Referendum: la posta in gioco

Mancano ormai poche ore al referendum abrogativo del 17 aprile. Dopo una campagna informativa fiacca la vera sfida è quella del quorum. Ascolta l'intervista a don Gabriele Scalmana sulle questioni chiave del referendum sulle trivellazioni in mare

Conto alla rovescia per il referendum di domenica 17 aprile, con gli elettori chiamati a pronunciarsi (secondo quanto previsto dall’art. 75 della Costituzione) sull’abrogazione dell’articolo 6, comma 17, terzo periodo, del decreto legislativo 3 aprile 2006, n. 152 (Norme in materia ambientale) che regola la durata delle trivellazioni in mare. Sono quasi 47 milioni gli italiani chiamati al voto negli 8.000 comuni e nelle 61.563 sezioni elettorali. A questi vanno aggiunti i quasi 4 milioni di elettori residenti all’estero, che potranno esprimere il loro voto per corrispondenza.

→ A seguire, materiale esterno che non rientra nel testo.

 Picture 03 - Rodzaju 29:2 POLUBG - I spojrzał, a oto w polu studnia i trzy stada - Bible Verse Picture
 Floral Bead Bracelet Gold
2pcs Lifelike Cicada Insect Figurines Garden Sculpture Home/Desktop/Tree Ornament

Regioni. Il referendum è stato voluto da nove Regioni (Basilicata, Calabria, Campania, Liguria, Marche, Molise, Puglia, Sardegna, Veneto) preoccupate per le conseguenze ambientali e per i contraccolpi sul turismo di un maggiore sfruttamento degli idrocarburi. Indipendentemente dal risultato che uscirà dalla urne (e ammesso che si raggiunga il quorum dei votanti del 50% più uno), non si arriverà a un alt immediato né generalizzato alle trivellazioni. Il quesito referendario chiede di cancellare la norma che consente alle società petrolifere di estrarre gas e petrolio entro le 12 miglia marine dalle coste italiane senza limiti di tempo. Il quesito referendario, che nella sua formulazione appare di portata limitata, in realtà pone agli elettori una questione più ampia: quella del rapporto tra fonti energetiche tradizionali e quelle meno impattanti per il territorio e l’ambiente.

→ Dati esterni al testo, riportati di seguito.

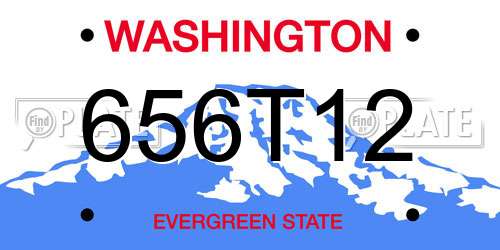 656T12 Washington License Plate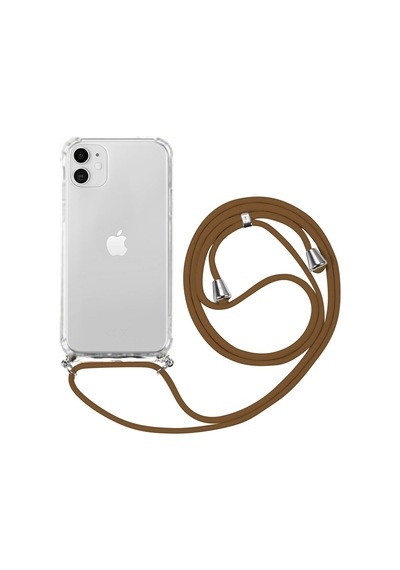 Iphone 11 Uyumlu Boyundan Askılı Şeffaf Darbe Emici Antishock Silikon Telefon Kılıfı Kahverengi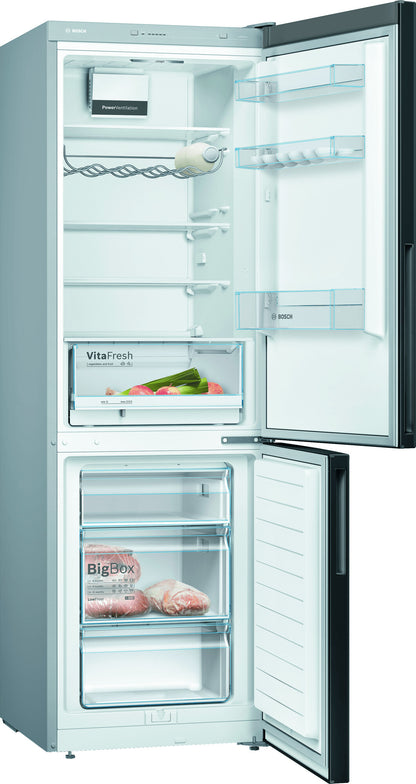 Bosch Serie 4 KGV36VBEAS koel-vriescombinatie Vrijstaand 308 l Zwart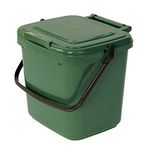 Green Kitchen Compost Caddy - for Food Waste Recycling (7 Litre) - 7L Plastic Composting Bin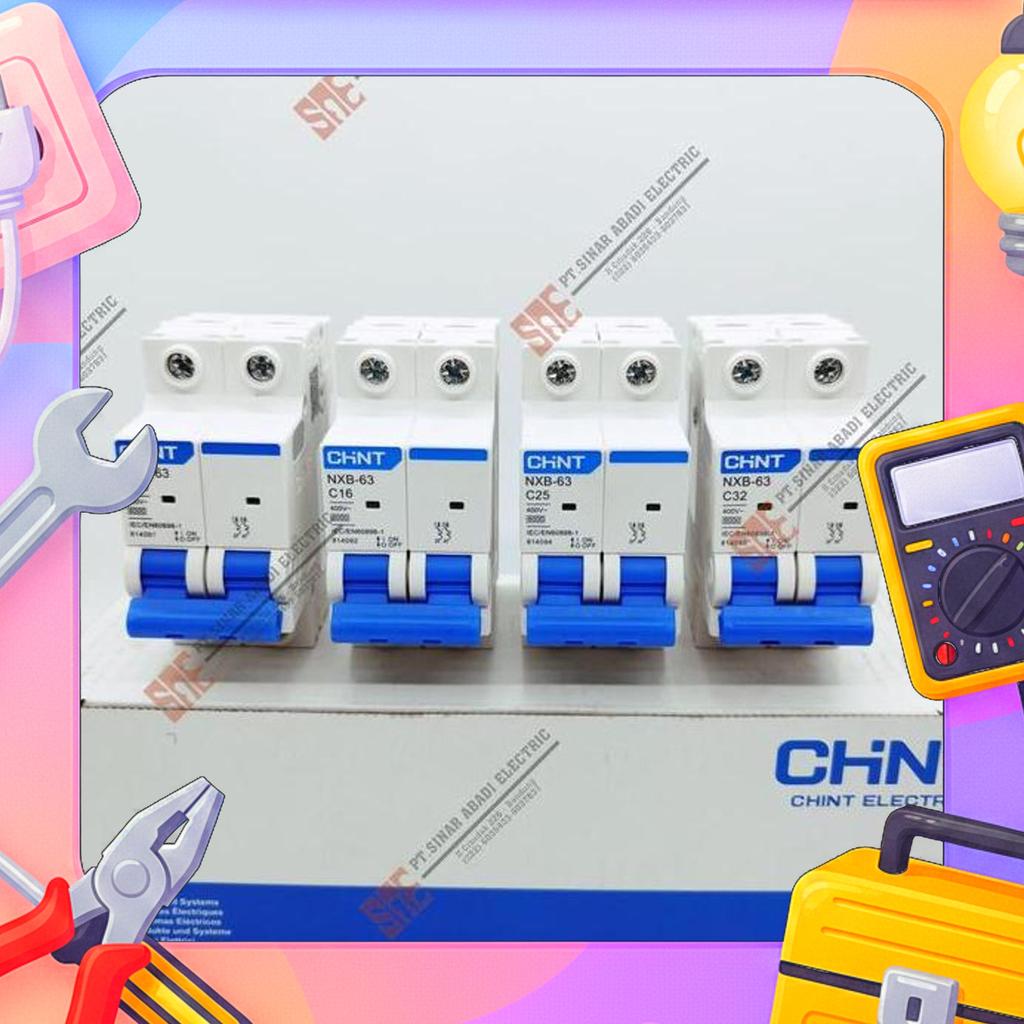 Mcb Chint 2P Phase 10A 16A 25A 32A Nxb-63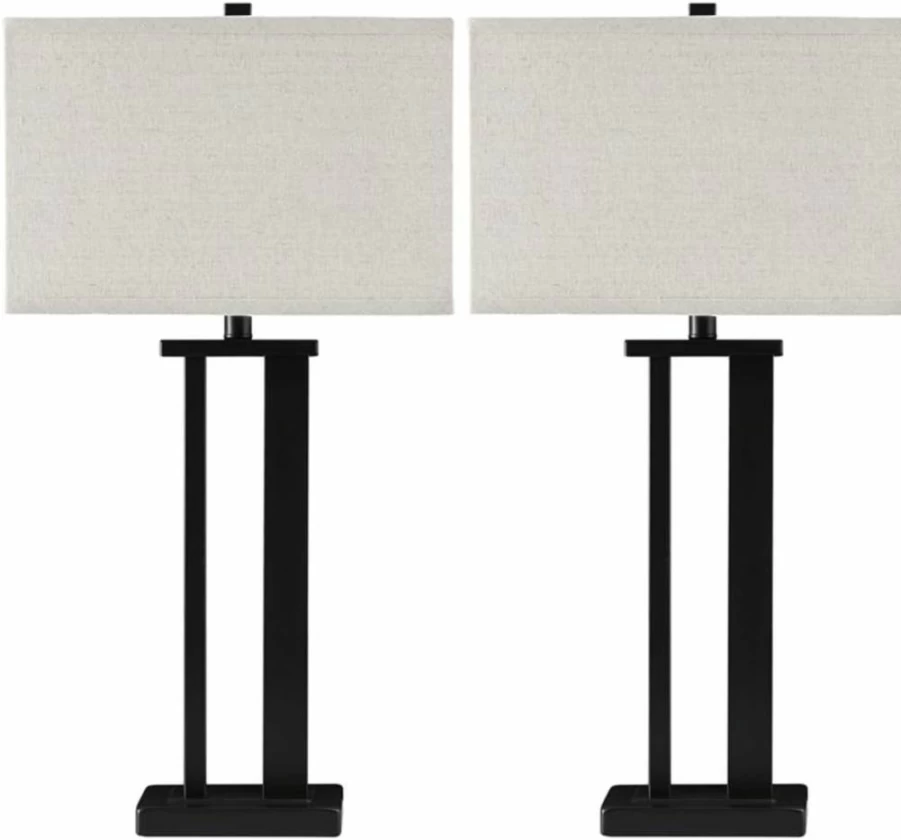 Signature Design by Ashley Aniela 29.5" Silver Minimalist Table Lamp - Set of 2 Modern Lighting Fixtures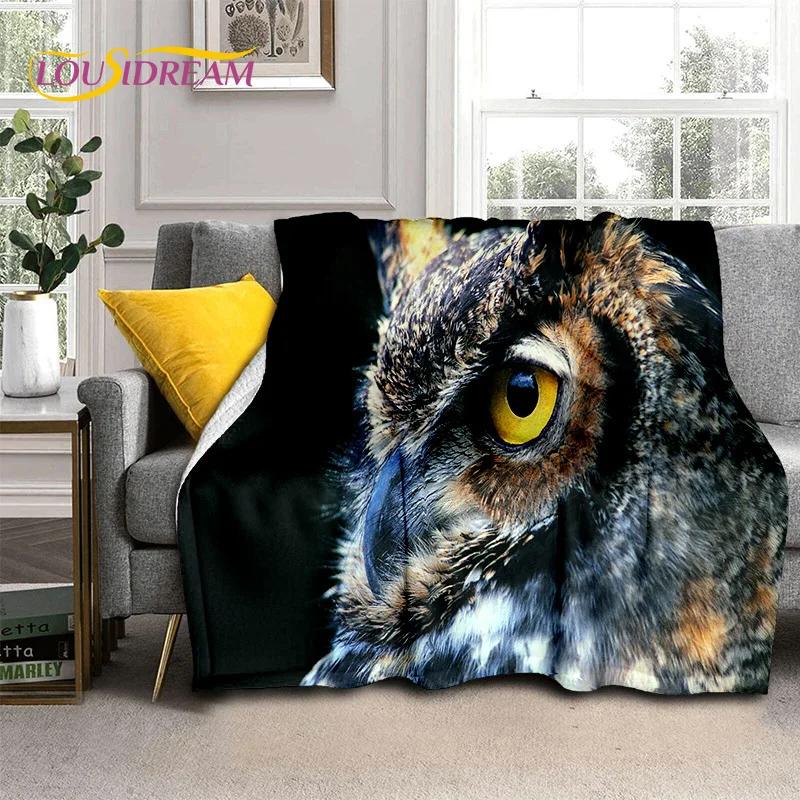 3D Cartoon Cute Owl Series HD Blanket,Soft Throw Blanket for Home Bedroom Bed Sofa Picnic Travel Office Rest Cover Blanket Kids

Quesito. Questa, liberata dal “burocratese, è la domanda stampata sulla scheda elettorale: “Volete che, quando scadranno le concessioni, vengano fermati i giacimenti in attività nelle acque territoriali italiane anche se c’è ancora gas o petrolio?” Chi vuole eliminare le trivelle dai mari italiani deve votare sì, chi vuole che le trivelle restino senza una scadenza deve votare no. A sostegno delle ragioni del Sì e del No sono nati comitati che in queste ultime ore di una campagna informativa (un po’ sotto tono) sono al lavoro per convincere gli elettori.

Ragioni. Secondo i calcoli di Legambiente, capofila del fronte del Sì, gli idrocarburi estratti dalle piattaforme soggette a referendum coprono meno dell’1% del fabbisogno nazionale di petrolio e il 3% di quello di gas. Se le riserve marine di petrolio venissero usate per coprire l’intero fabbisogno nazionale, durerebbero meno di due mesi. Secondo i calcoli del Comitato Ottimisti e razionali (No), la produzione italiana di gas e di petrolio – a terra e in mare – copre, rispettivamente, l’11,8% e il 10,3% del nostro fabbisogno. Al di là delle ragioni portate dai diversi comitati, la vera sfida a poche ore dal voto e con una campagna elettorale particolarmente tiepida, sembra essere quella del raggiungimento del quorum necessario per la validità del referendum.